15:10 | 10/04/2019 Global Economy
The International Monetary Fund on Tuesday raised its forecast for Chinese growth by 0.1 point to 6.3 percent this year even as it cut its outlook for global growth to the lowest since the financial crisis.
|Illustrative image - Source: VNA|
The better tone is being reflected in China’s markets. Stocks are up 31 percent from a January low and the yuan has strengthened 2.4 percent against the dollar.
China’s central role in global manufacturing and as a vital source of final demand are among reasons why a large pick-up in the March PMI is a key signal for global factories too, Bank of America Merrill Lynch economists led by Ethan Harris, head of global economics research wrote in a note dated April 5.
“Policy makers have responded to the U.S.-China trade war with a ’do-whatever-it-takes’ approach to supporting growth, taking on a wide array of easing measures. Financial conditions have started to improve and the large increase in the March manufacturing PMI might be the first indication that economic activity is bottoming out,” they wrote.

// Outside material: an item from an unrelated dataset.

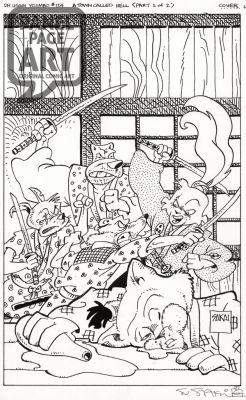 Stan Sakai | Usagi Yojimbo 124 Cover | Panel Page Art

The likelihood for strong credit data, stabilizing trade volumes and a modest rebound in factory prices are reasons why Morgan Stanley strategists are increasingly upbeat.
“All these factors suggest to us that the prospects for the Chinese economy are bullish and we expect China risk assets to perform well on the back of this,” they wrote.
Citigroup Inc. metals analysts including Maximilian Layton wrote on April 7 that “market participants should ‘chase’ this year’s rally” as data are set to improve.
HSBC economists Qu Hongbin and Julia Wang estimate that tax reductions announced last month are equivalent to over 2 percent of projected 2019 gross domestic product, making them the biggest in a decade. Those cuts and other measures will trigger a self-sustained recovery, they wrote in a note dated April 8.
On the property sector, high-frequency data on land transactions and secondary market prices indicate that sentiment has improved since March, helped by healthy inventories and expectations for policy easing, according to analysis by Goldman Sachs.
“With activity growth likely reassuring in the first quarter of the year, the government may feel less of an urge to ease property policies further in the near term,” Goldman’s economists wrote in a note.
Still, the economy isn’t quite yet on an even keel. While demand-side indicators such as retail sales and investment are holding up, supply-side gauges such as production and employment were weak in the first two months of the year, according to Bloomberg Economics.